Madison Ashworth, a 2015 graduate of Star Valley High School and Economics PhD student at University of Wyoming, has joined a team of Economics professors at UW to research the economic effects of social distancing during the coronavirus pandemic.

A former resident of Thayne, Ashworth competed as an undergraduate on the Cowboys’ Track and Field Team, and in her graduate studies has been working closely with Professor Linda Thunstrom on a number of research projects related to COVID-19.

According to, analysis by Ashworth’s team suggests that rigorous social distancing measures implemented to mitigate the spread of the novel coronavirus are economically justified.

Ashworth’s team have determined through extensive research that, “the potential benefits of social distancing in saving lives far outweigh the projected damage to the economy.” The team’s research, which has received international recognition, will appear in the Journal of Benefit Cost Analysis.

“Our benefit-cost analysis shows that the extensive social distancing measures being adopted in the U.S. likely do not constitute an overreaction,” said Assistant Professor Linda Thunstrom, lead author of the article. “Social distancing saves lives but comes at large costs to society due to reduced economic activity. Still, based on our benchmark assumptions, the economic benefits of lives saved substantially outweigh the value of the projected losses to the U.S. economy.”

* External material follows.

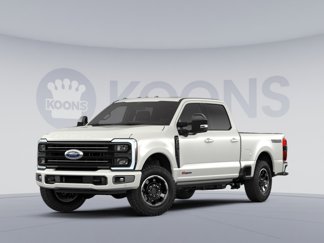 New 2026 Ford F250 Platinum w/ Tremor Off-Road Package image 1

“Our main result is that the net benefits of social distancing are positive and amount to about $5.16 trillion,” explained Ashworth. “In our benchmark scenario, we see 287 million people becoming infected with COVID-19 without social distancing and only 188 million people becoming infected when social distancing is implemented. We model different mortality rates above and below certain thresholds of infected people to capture the higher mortality associated with overwhelmed health care systems. With these combined mortality rates, we see the value of lives lost during the pandemic without social distancing is $21.8 trillion and $9.4 trillion with social distancing. The benefits from social distancing are approximately $12.4 trillion dollars in lives saved.”

“We also capture the lost economic output due to social distancing,” continued Ashworth. “We find that Gross Domestic Product losses will be about $6.4 trillion without social distancing and almost $13.7 trillion with social distancing. That is, social distancing will cost $7.3 trillion in lost economic output, but this extra cost will be offset by the value of all the lives saved, which is a net positive of $5.1 trillion. We find that the value of the lives saved because of social distancing outweighs the economic cost of social distancing.”

The UW team’s primary conclusion proposes that social distancing is economically and medically sound if people continue to live in a manner that reduces contact rates.

Though the economic costs and consequences will be painful, the team’s findings assert that the benefits of social distancing policies will eventually outweigh the economic costs by $5.2 trillion. Considering economic benefit to our society in terms of health care and the future workforce, social distancing is the more economically and socially responsible choice.

“Our research provides information to government officials, consumers and small business owners about the effects of social distancing on the economy, but also on the prevalence of COVID-19 itself,” said Ashworth. “It allows elected officials to make informed decisions and provides an estimate of the true benefits of a policy that may be harmful to small businesses in the short run.